Since my last blog post, I have been taking a look at the following few verses, again taken from Matthew’s gospel.  This is a very familiar story to most of us probably, and the verses may only be short, but when examined a bit more closely I believe they are quite profound.

Matthew 8: 1-3

1 When Jesus came down from the mountainside, large crowds followed him. A man with leprosy came and knelt before him and said, “Lord, if you are willing, you are able to make me clean.” 2 Jesus reached out his hand and touched the man. “I am willing,” he said. “Be clean!” 3 Immediately he was cleansed of his leprosy.

The chapter begins as Jesus came down from the mountainside.  It was here that he had been boldly declaring to the large crowds of people that God's kingdom was now among them.  He had spent much time teaching them not only what it meant to be a disciple but how to fully enter into the life of this new kingdom.

But now here is Jesus, coming down into these small villages and towns around the Sea of Galilee and beginning to enter into the day-to-day life of the people there. He was now about to bring God’s kingdom in not just with words, but in his actions too and I think it is quite significant that the very first story Matthew records for us is about a man with a skin disease.  

Leprosy is discussed quite often in the Bible and whilst its definition in modern times is different from biblical times, there is no doubt that this was a terrible skin condition.

Matthew tells us that this man knelt in front of Jesus and spoke very specifically to him, “Lord if you are willing, you are able to make me clean”.   Most of us on a first reading may have heard him say, “Lord if you are able, will you make me clean?”, but this was not what he said.  He knew Jesus was totally capable.  He was absolutely convinced that Jesus could help him, but what he wasn’t quite so sure about was if he was willing to help such as him.  This is a very simple observation, but quite a remarkable one.  The man knows Jesus is powerful but what he’s not sure about is the willingness of Jesus to help him.  What the man with leprosy essentially doubted was his own worthiness.  Here was a man who had probably been banished from family and neighbours and shunned by society because of the way he looked.  

But Jesus showed him great compassion, said he was willing, put out his hand and touched him.

I think we could easily miss the significance of this moment.  The man had a skin disease, he would have looked awful, people would have thought he was contagious.  When would have been the last time someone had touched him? Possibly many years.  We know that when humans are deprived of touch from other humans it can be psychologically quite damaging.

Matthew seems to highlight the moment when Jesus ‘reaches out’ and touches the man, the man that no-one else would have wanted to touch.  This is a humane and beautiful moment and we read that the man was healed and walked away completely transformed.

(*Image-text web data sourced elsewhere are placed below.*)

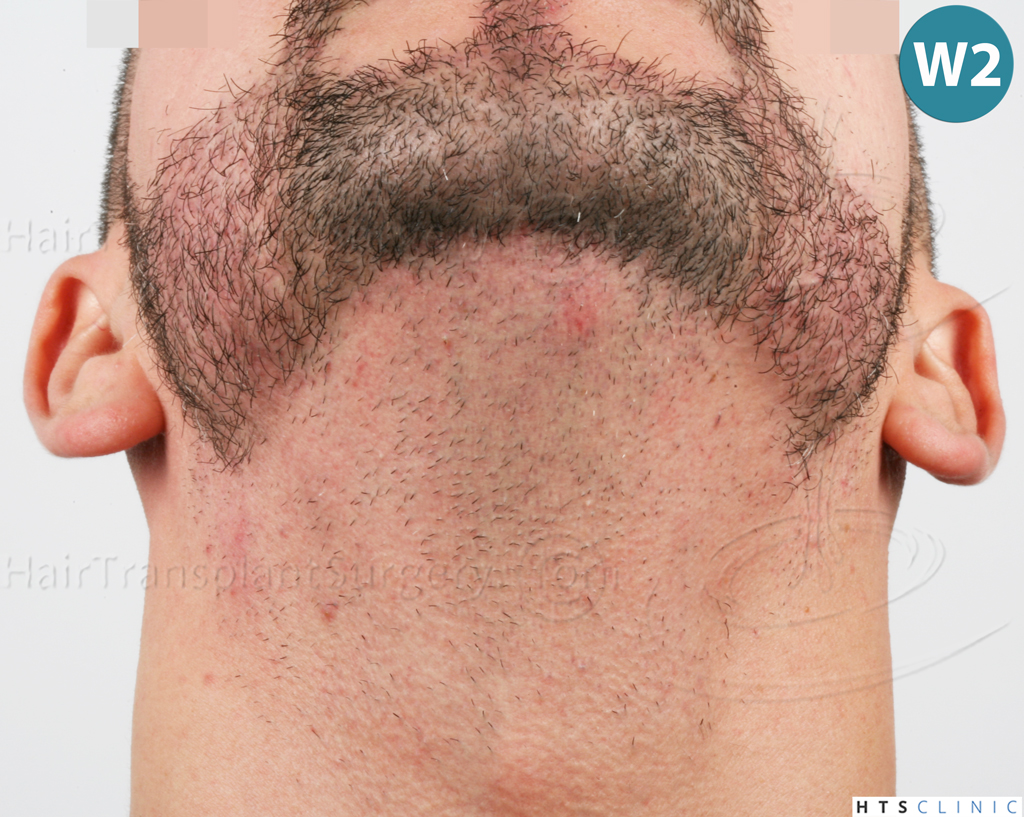 Dr.Devroye-HTS-Clinic-1011-FUE-Beard-19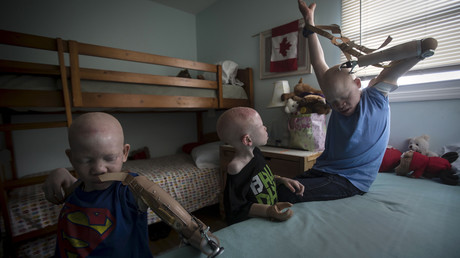 Vague d'agressions contre les albinos au Malawi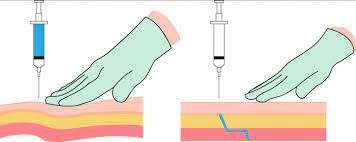 The nurse must give a client an intramuscular injection o | Nursing Exam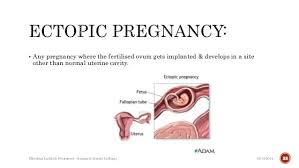 During, or after a seizure. 38 Normal Pictures Of Spotting During Pregnancy Background Wild Country Fine Arts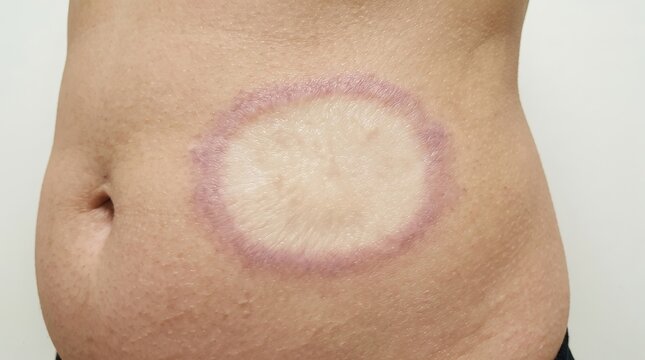 Close-up of localized scleroderma and morphea plaque on female abdominal skin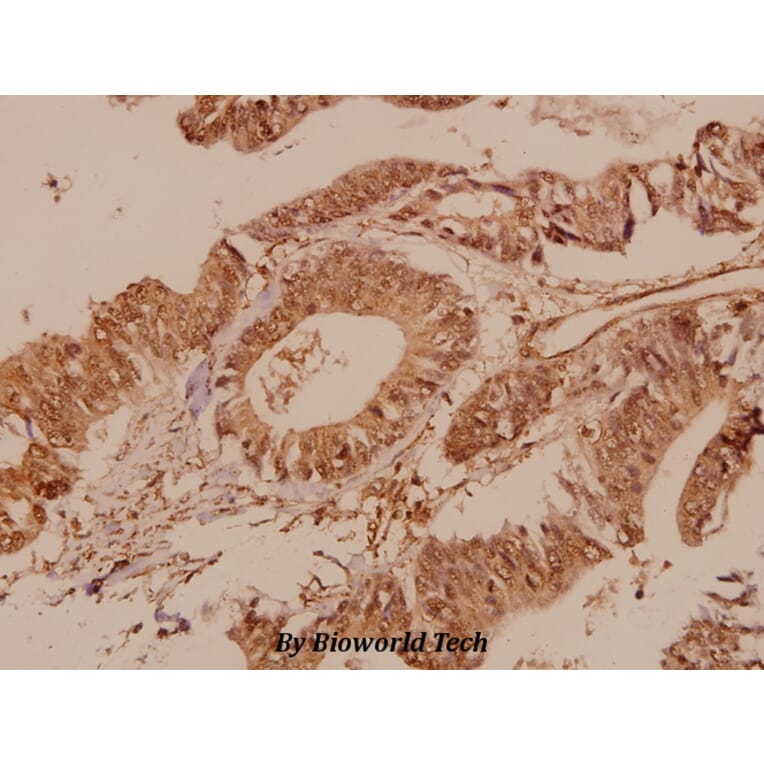 Anti-mTOR (P2476) Antibody from Bioworld Technology (BS1555) - Antibodies.com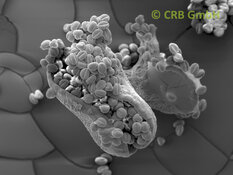 Cápsula de semillas rotas de Euphorbia leuconeura | © CRB Analysis Service GmbH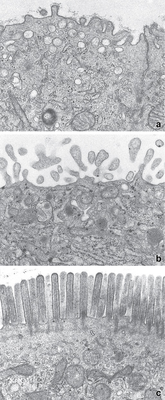 Micrographs showing the apical surfaces of epithelial cells.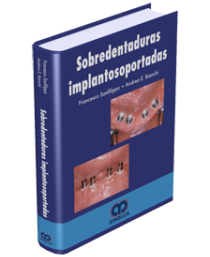Producto Sobredentaduras Implantosoportadas de Autor del año 2007 ISBN 9789588328096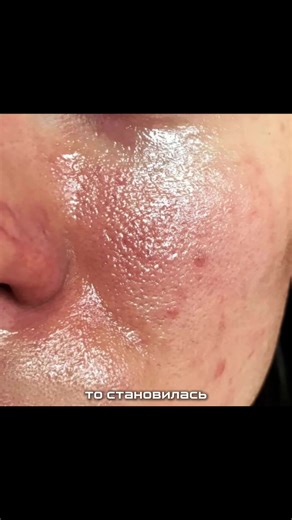 Discover the Benefits of B:Lab Skin Balance Duo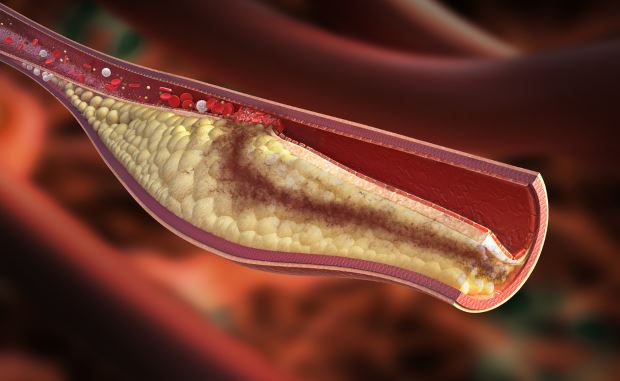 Colesterolo HDL e LDL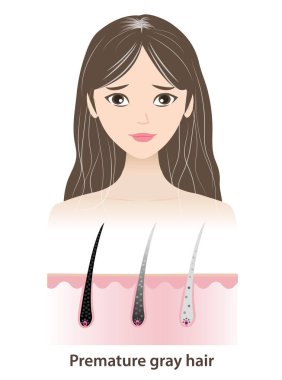 The woman with premature gray hair vector illustration isolated on white background. The mechanism of hair graying with scalp layer. Hair anatomy, hair structure and hair care concept. clipart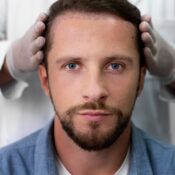 Hair Transplant in Antalya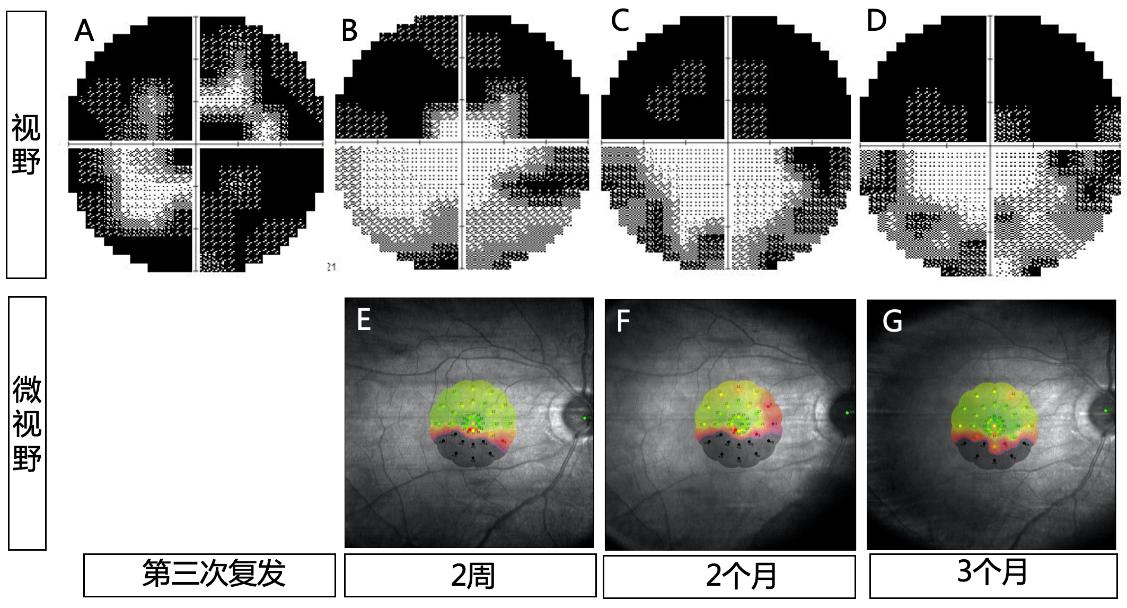 图2 本例患者第三次复发病程中视野及微视野的变化 （A）发病时患者的视野（MD值：-25.43 dB）；（B）和（E）经过急性期激素冲击和血浆置换治疗后，视野（MD值：-19.37 dB）有改善，黄斑微视野（平均阈值：19.2 dB）；（C）和（F）发病后2个月激素减量过快视野（MD值：-21.80 dB）和微视野（平均阈值：16.6 dB）损伤加重；（D）和（G）调整口服甲泼尼龙片用量至80 mg，缓慢序贯减量，发病后3个月患者视野（MD值：-21.61 dB）及微视野（平均阈值：20.7 dB）均稍有改善。 Figure 2 Changes in visual field and macular microperimetry during the third relapse in the patient (A) Visual field at the onset of relapse (MD value: -25.43 dB); (B) and (E) After acute-phase treatment with high-dose steroid pulse therapy and plasmapheresis, the visual field (MD value: -19.37 dB) showed improvement, and macular microperimetry (average threshold: 19.2 dB) was recorded; (C) and (F) Two months after the onset (during steroid tapering), the visual field (MD value: -21.80 dB) and microperimetry (mean threshold: 16.6 dB) worsened. (D) and (G) After adjusting the oral prednisone dose to 80 mg and implementing a slow, sequential tapering regimen, the patient's visual field (MD value: -21.61 dB) and microperimetry (mean threshold: 20.7 dB) showed slight improvement at 3 months post-onset.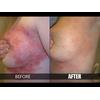 Gambar Sabun ZUDAIFU obat eksim Psoriasis jerawat jamur ruam kudis kurap dari MayCO Jakarta Selatan 5 Tokopedia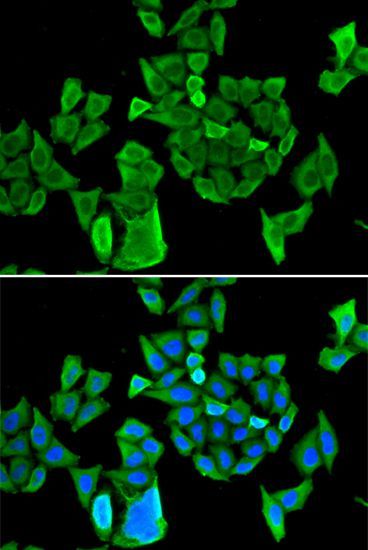 Immunofluorescence - CCAR1 antibody (144-013595)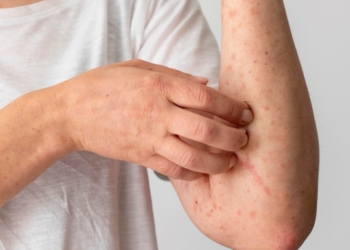 Корь наступает?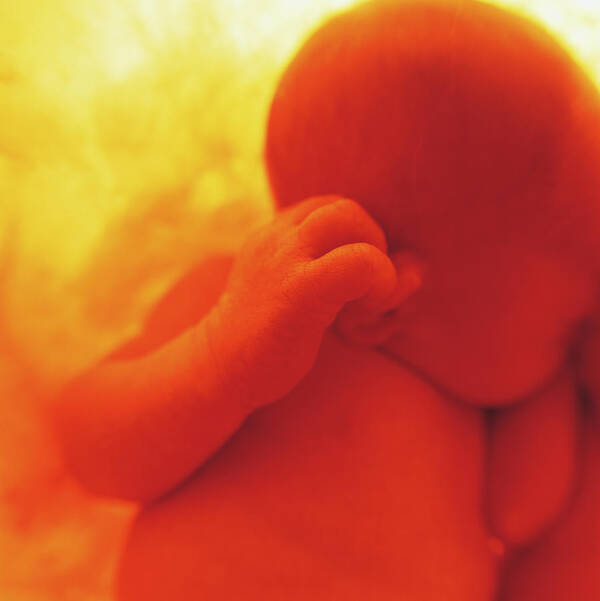 Color Poster featuring the photograph Womb Series #10 by Anne Geddes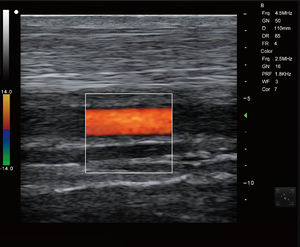 Koeien Paard Reproductie Diagnose Echografie Instrument Grote Dieren Reproductieve Scanner Handheld Dierenarts <span class=keywords><strong>Ultrasound</strong></span> Draadloze - Product Image 5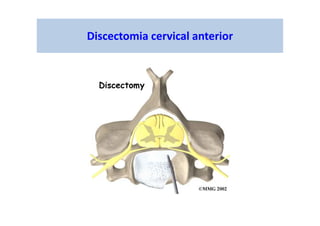 Discectomia cervical anterior
 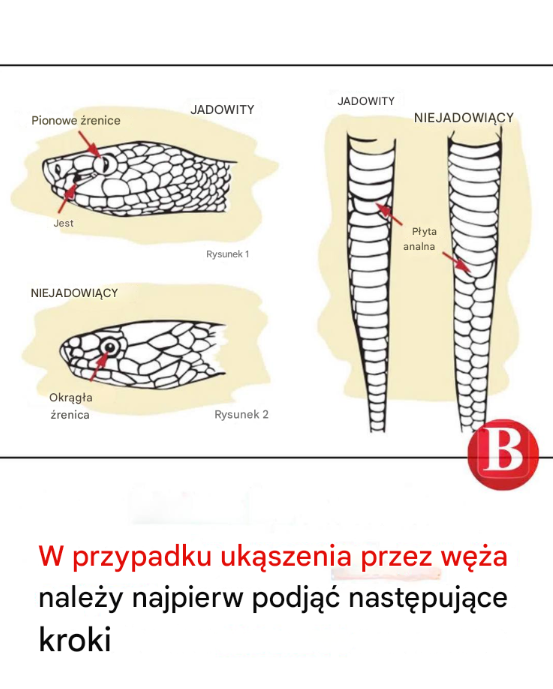 W przypadku ukąszenia przez węża należy najpierw podjąć następujące kroki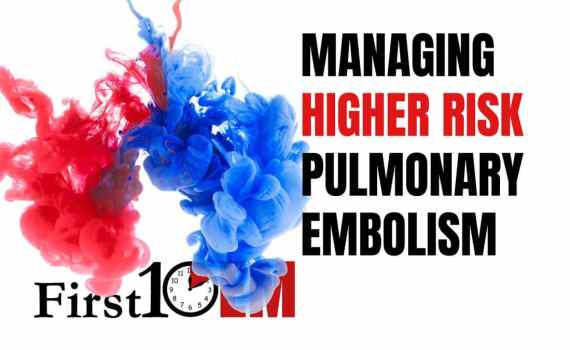 Managing High Risk pulmonary embolism
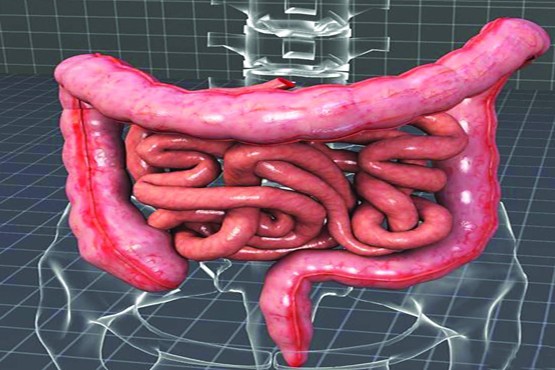 معرفی دارویی گیاهی برای درمان‌ «سندرم روده تحریک‌پذیر»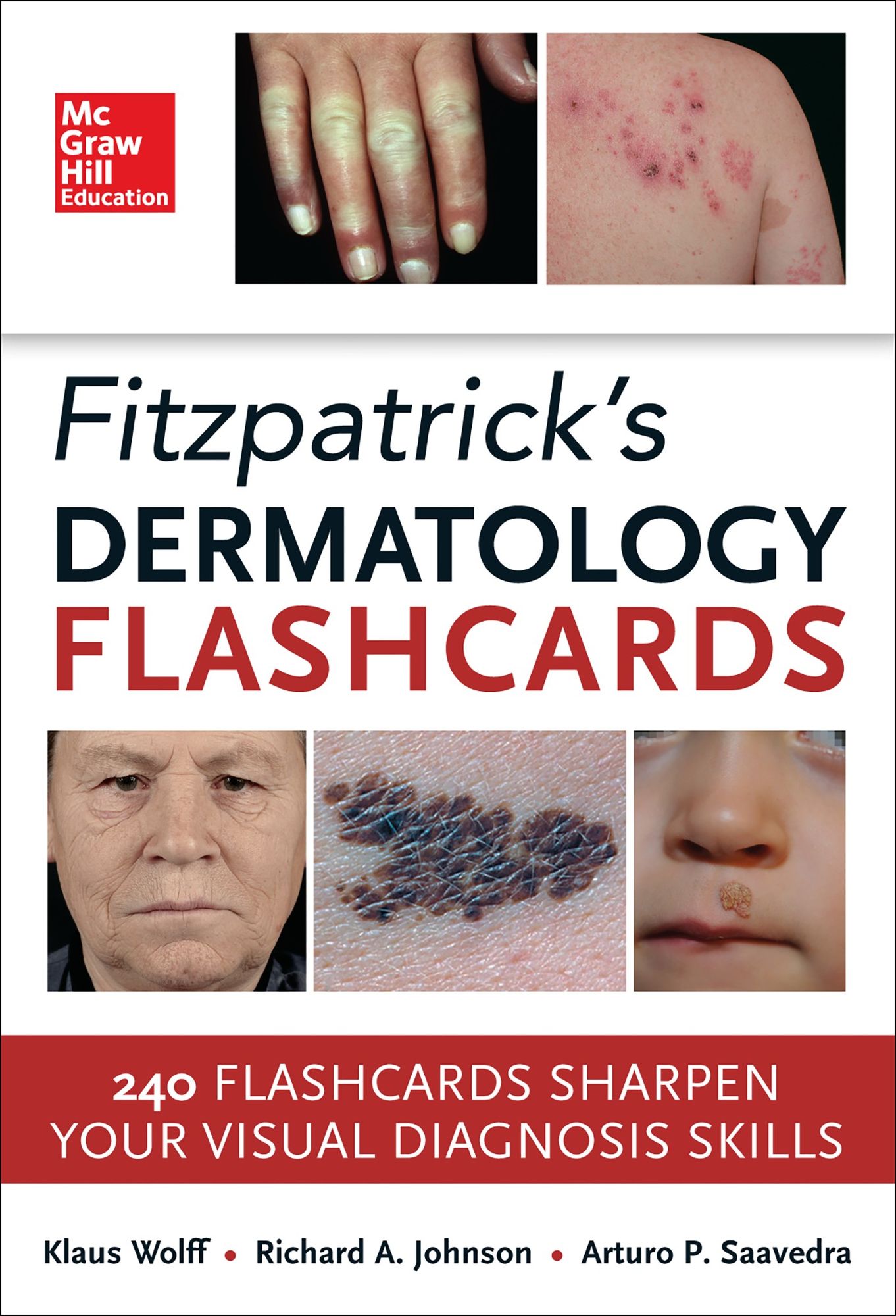 Fitzpatricks Dermatology Flash Cards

This is a very simple story, a powerful one, but simple nonetheless.  If this was the first time we were reading any stories about Jesus and we knew nothing about the Old Testament or Jewish culture we could read this story and conclude that Jesus was amazing, kind, loving, powerful, all of these things.  We could leave it here, as a very simple compassionate story, which shows the character of Jesus.  However there are much deeper layers to this story if we are willing to take a closer look.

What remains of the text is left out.